Learning Friction Dynamics with Neural Networks

In this example, we demonstrate how to learn an unknown friction model using a neural network within the Extended Kalman Filter framework. We consider an actuated mass subject to friction with Stribeck effect - a nonlinear phenomenon where friction decreases from static friction to Coulomb friction as velocity increases.

The key point is that while we know the basic physics (Newton's second law), we might not have an accurate friction model. We'll use a neural network to learn this friction component while leveraging our knowledge of the system structure.

Combining first-principles models and black-box neural networks, today popularized under the name "Universal Differential Equations" (UDEs), has been explored for a long time in the process-control community, early work includes [UDE1] and [UDE2], where neural networks were used to augment continuous-time models of chemical processes. Contrary to those works, we will let the state estimator itself find the parameters of the neural network alongside the state, rather than relying on a separate training phase using gradient descent.

System Description

We consider a simple mass moving in one dimension:

  • State variables: position x₁ and velocity x₂
  • Control input: applied force u
  • Unknown friction force: f_friction(x₂)
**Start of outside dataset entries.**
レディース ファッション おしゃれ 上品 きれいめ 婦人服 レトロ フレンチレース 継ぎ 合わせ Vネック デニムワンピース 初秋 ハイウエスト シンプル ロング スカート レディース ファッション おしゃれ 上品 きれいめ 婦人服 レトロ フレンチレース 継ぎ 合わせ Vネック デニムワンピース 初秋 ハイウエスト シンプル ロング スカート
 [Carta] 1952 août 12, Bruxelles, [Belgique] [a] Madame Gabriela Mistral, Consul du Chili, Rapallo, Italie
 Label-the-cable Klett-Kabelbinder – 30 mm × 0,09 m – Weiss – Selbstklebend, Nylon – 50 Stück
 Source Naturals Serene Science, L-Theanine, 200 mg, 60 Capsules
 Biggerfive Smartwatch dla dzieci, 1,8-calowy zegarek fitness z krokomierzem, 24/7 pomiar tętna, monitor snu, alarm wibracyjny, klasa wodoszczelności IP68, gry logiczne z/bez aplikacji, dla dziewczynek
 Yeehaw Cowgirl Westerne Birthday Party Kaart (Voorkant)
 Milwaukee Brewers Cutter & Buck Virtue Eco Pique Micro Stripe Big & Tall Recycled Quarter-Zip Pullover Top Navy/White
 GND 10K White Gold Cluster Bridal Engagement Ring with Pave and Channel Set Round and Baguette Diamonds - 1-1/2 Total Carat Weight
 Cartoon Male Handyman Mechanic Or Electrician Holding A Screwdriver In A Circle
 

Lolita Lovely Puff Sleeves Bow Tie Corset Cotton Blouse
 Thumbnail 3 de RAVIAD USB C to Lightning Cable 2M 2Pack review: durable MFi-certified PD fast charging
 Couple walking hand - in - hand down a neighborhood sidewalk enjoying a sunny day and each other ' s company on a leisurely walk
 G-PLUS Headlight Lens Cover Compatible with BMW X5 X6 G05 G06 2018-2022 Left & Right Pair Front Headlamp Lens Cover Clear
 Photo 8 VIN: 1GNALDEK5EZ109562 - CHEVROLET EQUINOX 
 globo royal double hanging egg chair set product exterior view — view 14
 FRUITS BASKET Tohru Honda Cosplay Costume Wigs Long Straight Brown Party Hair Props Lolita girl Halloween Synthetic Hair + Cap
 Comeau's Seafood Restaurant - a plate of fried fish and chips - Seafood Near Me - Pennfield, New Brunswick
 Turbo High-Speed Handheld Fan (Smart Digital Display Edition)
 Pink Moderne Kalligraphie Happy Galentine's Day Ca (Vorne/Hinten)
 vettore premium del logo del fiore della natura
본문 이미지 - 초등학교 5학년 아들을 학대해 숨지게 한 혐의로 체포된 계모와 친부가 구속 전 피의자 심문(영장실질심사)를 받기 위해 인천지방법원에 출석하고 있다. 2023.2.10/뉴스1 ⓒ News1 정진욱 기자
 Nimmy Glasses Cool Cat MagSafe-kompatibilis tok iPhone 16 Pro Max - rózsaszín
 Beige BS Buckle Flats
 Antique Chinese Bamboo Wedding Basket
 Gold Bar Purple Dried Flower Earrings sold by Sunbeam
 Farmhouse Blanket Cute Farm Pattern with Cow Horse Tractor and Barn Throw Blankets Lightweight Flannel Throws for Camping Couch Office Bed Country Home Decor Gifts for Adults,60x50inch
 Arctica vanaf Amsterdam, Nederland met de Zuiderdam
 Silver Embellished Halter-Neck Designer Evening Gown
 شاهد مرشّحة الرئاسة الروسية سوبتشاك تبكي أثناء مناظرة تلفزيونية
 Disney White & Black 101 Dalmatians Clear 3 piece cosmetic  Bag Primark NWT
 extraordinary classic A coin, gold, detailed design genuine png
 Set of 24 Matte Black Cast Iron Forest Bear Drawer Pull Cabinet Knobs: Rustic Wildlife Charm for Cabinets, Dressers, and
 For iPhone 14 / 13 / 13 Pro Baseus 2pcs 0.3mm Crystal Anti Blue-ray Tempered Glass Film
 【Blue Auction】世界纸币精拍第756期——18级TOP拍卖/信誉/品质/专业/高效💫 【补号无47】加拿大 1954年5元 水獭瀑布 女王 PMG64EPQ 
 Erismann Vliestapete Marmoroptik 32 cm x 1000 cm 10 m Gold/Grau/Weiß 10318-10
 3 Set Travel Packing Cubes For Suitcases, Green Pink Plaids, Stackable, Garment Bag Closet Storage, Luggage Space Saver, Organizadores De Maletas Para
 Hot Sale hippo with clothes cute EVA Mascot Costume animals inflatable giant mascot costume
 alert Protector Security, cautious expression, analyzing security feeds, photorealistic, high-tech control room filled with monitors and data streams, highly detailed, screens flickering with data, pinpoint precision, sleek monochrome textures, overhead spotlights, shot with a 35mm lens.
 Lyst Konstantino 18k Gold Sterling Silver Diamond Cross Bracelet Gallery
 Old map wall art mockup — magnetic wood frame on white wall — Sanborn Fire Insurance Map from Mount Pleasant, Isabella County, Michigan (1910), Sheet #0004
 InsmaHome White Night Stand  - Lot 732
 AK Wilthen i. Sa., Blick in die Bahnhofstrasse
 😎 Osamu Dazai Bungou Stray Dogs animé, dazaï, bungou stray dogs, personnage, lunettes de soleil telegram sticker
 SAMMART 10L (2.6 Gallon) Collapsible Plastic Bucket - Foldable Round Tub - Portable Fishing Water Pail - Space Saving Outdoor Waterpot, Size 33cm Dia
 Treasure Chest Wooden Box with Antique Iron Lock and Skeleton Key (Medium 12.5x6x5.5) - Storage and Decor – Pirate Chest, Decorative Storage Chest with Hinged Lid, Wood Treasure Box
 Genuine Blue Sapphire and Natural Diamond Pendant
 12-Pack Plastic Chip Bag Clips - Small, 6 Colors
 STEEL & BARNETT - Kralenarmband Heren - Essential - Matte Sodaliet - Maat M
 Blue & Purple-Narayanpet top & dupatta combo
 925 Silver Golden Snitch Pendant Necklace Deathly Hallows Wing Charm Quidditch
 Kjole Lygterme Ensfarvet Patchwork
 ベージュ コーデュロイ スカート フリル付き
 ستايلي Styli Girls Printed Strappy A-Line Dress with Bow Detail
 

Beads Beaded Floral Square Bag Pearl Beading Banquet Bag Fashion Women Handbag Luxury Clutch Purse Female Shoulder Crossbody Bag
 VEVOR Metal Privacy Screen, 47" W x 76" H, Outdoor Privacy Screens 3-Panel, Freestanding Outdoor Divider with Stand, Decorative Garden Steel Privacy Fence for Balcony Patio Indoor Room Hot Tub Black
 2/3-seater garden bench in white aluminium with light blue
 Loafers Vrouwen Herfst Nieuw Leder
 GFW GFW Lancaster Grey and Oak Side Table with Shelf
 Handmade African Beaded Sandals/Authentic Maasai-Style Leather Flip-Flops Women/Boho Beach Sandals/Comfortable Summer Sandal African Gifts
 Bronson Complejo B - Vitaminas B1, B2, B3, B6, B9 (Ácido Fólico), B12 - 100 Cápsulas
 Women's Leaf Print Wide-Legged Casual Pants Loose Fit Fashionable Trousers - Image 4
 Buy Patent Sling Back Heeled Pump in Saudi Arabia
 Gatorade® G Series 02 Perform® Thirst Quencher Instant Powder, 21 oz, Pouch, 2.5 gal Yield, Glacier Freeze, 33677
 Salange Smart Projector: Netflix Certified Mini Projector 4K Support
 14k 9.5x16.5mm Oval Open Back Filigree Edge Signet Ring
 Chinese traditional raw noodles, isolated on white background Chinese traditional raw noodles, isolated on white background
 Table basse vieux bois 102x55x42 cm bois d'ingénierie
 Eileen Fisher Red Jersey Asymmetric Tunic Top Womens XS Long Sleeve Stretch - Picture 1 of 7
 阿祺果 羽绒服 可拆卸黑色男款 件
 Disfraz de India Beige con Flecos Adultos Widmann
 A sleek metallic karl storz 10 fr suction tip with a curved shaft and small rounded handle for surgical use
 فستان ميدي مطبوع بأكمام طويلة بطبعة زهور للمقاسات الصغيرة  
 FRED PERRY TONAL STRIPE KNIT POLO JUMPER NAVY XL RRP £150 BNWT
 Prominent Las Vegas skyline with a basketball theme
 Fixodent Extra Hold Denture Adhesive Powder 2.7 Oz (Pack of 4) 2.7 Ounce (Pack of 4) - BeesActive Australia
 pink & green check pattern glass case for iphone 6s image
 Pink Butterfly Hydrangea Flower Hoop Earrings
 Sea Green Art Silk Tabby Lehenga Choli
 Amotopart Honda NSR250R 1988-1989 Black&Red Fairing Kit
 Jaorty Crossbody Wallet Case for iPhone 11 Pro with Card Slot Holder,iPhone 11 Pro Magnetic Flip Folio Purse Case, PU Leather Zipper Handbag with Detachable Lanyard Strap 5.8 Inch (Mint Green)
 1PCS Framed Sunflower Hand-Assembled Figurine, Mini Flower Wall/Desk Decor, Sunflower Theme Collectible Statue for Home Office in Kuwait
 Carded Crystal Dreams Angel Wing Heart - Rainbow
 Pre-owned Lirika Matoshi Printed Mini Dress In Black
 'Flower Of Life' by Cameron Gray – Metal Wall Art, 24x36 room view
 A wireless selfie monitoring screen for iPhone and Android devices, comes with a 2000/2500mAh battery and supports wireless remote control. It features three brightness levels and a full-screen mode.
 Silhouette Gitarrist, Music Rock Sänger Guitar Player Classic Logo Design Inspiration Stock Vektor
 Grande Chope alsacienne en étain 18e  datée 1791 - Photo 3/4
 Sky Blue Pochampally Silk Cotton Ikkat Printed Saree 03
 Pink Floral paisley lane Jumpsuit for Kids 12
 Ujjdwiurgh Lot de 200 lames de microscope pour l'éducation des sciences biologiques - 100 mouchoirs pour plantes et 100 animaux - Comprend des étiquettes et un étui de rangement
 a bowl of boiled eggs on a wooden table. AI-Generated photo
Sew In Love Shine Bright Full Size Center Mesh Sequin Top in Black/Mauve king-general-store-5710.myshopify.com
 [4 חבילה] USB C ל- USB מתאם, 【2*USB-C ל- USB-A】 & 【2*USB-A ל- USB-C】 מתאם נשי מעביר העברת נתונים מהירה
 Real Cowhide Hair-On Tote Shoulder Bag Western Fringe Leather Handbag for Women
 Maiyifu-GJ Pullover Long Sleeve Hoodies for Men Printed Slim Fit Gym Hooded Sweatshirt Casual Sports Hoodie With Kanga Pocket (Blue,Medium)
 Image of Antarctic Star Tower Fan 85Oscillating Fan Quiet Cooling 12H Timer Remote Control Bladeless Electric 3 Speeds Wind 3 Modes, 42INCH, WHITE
The continuous-time dynamics are:

ẋ₁ = x₂
ẋ₂ = (u - f_friction(x₂)) / m

The true friction model includes Stribeck effect:

f_friction(v) = (f_c + (f_s - f_c) * exp(-|v|/v_s)) * sign(v) + f_v * v

where:

  • f_s: static friction coefficient
  • f_c: Coulomb friction coefficient
  • v_s: Stribeck velocity
  • f_v: viscous friction coefficient

Setup and Data Generation

using LowLevelParticleFilters, Lux, Random, SeeToDee, StaticArrays, Plots, LinearAlgebra
using ComponentArrays, DifferentiationInterface, SparseMatrixColorings
using SparseConnectivityTracer: TracerSparsityDetector

using LowLevelParticleFilters: SimpleMvNormal

# True friction model with Stribeck effect
function true_friction(v; f_s=2.0, f_c=1.0, v_s=0.1, f_v=0.5)
    if abs(v) < 1e-6
        return 0.0f0  # Avoid numerical issues at zero velocity
    else
        return Float32((f_c + (f_s - f_c) * exp(-abs(v)/v_s)) * sign(v) + f_v * v)
    end
end

plot(true_friction, -2, 2, title="True Friction Model", xlabel="Velocity", ylabel="Friction Force")
Example block output
# True system dynamics
function mass_dynamics(x, u, p, t)
    m = 1.0f0  # Mass
    x₁, x₂ = x
    force = u[1]
    friction = true_friction(x₂)

    # Add time-varying behavior: friction increases after t=200
    if t > 200
        friction *= 1.3f0
    end

    SA[
        x₂,  # ẋ₁ = velocity
        (force - friction) / m  # ẋ₂ = acceleration
    ]
end

# Discretize the system
Ts = 0.1f0  # Sample time
discrete_dynamics = SeeToDee.Rk4(mass_dynamics, Ts)

# System dimensions
nx = 2  # State dimension [position, velocity]
nu = 1  # Input dimension [force]
ny = 2  # Output dimension [position, velocity]

# Generate training data
function generate_data(rng)
    measurement(x, u, p, t) = x  # Measure full state

    # Time vector
    t = 0:Ts:200
    N = length(t)

    # Generate varied control inputs to excite different velocities
    u = Float32[]
    for i in 1:N
        if i < N÷4
            push!(u, 3.0f0 * cos(0.1f0 * t[i]))  # Slow oscillation
        elseif i < N÷2
            push!(u, 5.0f0 * sign(sin(0.5f0 * t[i])))  # Square wave
        elseif i < 3N÷4
            push!(u, 2.0f0 * randn(rng))  # Random excitation
        else
            freq = 0.05f0 + 0.2f0 * (i - 3N÷4) / (N÷4)
            push!(u, 4.0f0 * sin(2π * freq * t[i]))  # Chirp signal
        end
    end
    u = [SA[u_i] for u_i in u]
    u = [u; u]

    # Initial state
    x0 = Float32[0.0, 0.0]

    # Simulate system
    x = LowLevelParticleFilters.rollout(discrete_dynamics, x0, u)[1:end-1]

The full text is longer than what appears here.